_EXERCISE_. Lines that include "party" make up the answer; copy all of them from the data below.
····················
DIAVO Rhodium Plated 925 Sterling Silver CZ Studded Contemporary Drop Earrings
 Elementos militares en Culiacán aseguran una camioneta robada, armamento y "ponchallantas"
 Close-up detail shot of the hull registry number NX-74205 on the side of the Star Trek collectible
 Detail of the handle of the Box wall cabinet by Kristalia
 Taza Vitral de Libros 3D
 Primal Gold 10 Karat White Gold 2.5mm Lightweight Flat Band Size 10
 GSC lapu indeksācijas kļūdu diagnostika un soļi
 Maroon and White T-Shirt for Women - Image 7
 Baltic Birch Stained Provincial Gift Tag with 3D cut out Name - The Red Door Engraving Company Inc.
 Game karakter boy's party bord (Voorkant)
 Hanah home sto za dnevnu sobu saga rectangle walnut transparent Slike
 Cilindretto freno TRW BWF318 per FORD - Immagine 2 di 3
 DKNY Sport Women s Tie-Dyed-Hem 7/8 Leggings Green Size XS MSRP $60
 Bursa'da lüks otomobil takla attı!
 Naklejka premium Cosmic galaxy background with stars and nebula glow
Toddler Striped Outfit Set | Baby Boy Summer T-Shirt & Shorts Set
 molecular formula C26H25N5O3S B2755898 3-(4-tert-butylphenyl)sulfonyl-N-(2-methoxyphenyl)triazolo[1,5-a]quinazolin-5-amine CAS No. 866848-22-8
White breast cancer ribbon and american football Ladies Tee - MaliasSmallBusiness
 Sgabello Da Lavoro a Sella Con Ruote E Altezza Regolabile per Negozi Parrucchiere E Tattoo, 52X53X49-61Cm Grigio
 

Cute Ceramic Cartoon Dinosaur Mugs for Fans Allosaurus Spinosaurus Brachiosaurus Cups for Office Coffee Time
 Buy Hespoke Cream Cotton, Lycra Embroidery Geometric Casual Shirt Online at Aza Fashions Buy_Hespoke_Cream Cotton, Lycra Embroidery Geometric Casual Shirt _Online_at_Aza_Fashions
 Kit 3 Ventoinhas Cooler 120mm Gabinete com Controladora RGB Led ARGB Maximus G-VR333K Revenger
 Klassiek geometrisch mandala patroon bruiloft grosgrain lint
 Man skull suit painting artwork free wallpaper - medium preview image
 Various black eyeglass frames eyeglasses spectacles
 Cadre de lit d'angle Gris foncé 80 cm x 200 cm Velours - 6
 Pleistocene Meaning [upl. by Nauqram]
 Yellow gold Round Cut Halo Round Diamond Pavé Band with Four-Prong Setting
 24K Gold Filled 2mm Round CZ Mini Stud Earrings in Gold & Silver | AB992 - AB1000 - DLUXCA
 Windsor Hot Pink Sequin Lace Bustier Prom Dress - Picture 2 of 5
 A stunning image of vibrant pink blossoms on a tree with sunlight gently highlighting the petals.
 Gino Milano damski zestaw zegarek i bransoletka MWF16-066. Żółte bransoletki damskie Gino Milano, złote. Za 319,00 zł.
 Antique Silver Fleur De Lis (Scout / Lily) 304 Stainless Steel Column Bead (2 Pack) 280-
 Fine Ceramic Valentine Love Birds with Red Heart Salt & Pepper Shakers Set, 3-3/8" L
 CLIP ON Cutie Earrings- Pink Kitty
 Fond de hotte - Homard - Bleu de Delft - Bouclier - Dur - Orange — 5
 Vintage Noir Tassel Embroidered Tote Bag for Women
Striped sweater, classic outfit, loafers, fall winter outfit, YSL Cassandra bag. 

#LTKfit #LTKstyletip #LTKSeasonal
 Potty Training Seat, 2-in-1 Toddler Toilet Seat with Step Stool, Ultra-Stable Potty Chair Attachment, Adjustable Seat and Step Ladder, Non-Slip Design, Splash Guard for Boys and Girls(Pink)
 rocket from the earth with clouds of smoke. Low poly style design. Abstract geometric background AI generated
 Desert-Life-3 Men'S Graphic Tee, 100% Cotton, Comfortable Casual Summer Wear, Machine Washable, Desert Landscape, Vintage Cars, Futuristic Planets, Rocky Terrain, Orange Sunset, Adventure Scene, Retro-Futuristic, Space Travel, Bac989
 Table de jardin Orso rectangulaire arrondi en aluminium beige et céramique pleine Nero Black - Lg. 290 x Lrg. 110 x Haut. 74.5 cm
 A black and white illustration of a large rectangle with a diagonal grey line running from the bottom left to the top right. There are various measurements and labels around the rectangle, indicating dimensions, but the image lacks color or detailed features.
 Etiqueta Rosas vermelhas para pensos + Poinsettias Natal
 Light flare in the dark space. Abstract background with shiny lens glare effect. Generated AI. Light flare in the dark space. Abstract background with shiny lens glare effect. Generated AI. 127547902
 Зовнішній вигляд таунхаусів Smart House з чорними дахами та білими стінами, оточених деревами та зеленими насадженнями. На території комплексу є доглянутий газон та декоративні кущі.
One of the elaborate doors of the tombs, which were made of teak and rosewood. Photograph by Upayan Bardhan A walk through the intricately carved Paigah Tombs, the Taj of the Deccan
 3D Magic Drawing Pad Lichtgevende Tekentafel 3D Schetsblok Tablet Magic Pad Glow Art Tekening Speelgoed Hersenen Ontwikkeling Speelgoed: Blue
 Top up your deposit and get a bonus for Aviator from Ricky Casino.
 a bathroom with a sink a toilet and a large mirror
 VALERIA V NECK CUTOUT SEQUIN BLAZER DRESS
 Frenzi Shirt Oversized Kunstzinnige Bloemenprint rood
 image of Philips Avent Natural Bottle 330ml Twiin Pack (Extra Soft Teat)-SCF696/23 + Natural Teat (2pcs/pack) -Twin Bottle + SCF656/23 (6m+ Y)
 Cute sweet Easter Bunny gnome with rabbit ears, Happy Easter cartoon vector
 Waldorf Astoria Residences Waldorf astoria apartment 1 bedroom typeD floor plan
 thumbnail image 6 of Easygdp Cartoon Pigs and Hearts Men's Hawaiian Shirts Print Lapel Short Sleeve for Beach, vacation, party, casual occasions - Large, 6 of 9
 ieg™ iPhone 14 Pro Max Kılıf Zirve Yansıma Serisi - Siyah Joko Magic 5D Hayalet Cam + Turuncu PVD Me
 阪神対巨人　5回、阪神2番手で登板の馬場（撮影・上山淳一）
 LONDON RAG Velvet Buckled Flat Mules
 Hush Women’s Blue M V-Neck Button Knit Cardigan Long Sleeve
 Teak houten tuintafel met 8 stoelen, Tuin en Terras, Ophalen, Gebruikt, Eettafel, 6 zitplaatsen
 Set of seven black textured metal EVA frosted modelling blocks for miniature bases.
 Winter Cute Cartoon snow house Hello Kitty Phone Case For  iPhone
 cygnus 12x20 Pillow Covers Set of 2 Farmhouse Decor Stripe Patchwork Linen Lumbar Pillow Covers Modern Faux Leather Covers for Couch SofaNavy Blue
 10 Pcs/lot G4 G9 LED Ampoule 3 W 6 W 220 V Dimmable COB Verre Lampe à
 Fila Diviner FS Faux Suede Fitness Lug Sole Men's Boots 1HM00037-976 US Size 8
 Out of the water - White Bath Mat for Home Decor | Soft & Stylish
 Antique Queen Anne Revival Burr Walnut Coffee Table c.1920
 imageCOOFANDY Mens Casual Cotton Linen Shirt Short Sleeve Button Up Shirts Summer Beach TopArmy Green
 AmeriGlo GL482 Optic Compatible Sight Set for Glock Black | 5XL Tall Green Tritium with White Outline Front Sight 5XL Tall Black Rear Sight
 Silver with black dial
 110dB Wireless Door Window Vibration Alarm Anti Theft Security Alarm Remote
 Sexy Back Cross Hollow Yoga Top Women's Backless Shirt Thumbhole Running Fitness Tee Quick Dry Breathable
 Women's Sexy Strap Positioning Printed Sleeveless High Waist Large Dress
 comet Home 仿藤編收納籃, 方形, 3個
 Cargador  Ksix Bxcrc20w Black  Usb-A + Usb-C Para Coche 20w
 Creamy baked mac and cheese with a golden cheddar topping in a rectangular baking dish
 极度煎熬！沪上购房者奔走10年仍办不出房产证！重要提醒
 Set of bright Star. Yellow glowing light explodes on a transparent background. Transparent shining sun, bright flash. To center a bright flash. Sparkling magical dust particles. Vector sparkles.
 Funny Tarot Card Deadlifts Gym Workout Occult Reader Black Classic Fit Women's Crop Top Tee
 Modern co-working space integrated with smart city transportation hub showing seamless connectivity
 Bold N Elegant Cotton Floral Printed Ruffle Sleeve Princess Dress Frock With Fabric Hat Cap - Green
····················
_RESPONSE_.
 Game karakter boy's party bord (Voorkant)
 thumbnail image 6 of Easygdp Cartoon Pigs and Hearts Men's Hawaiian Shirts Print Lapel Short Sleeve for Beach, vacation, party, casual occasions - Large, 6 of 9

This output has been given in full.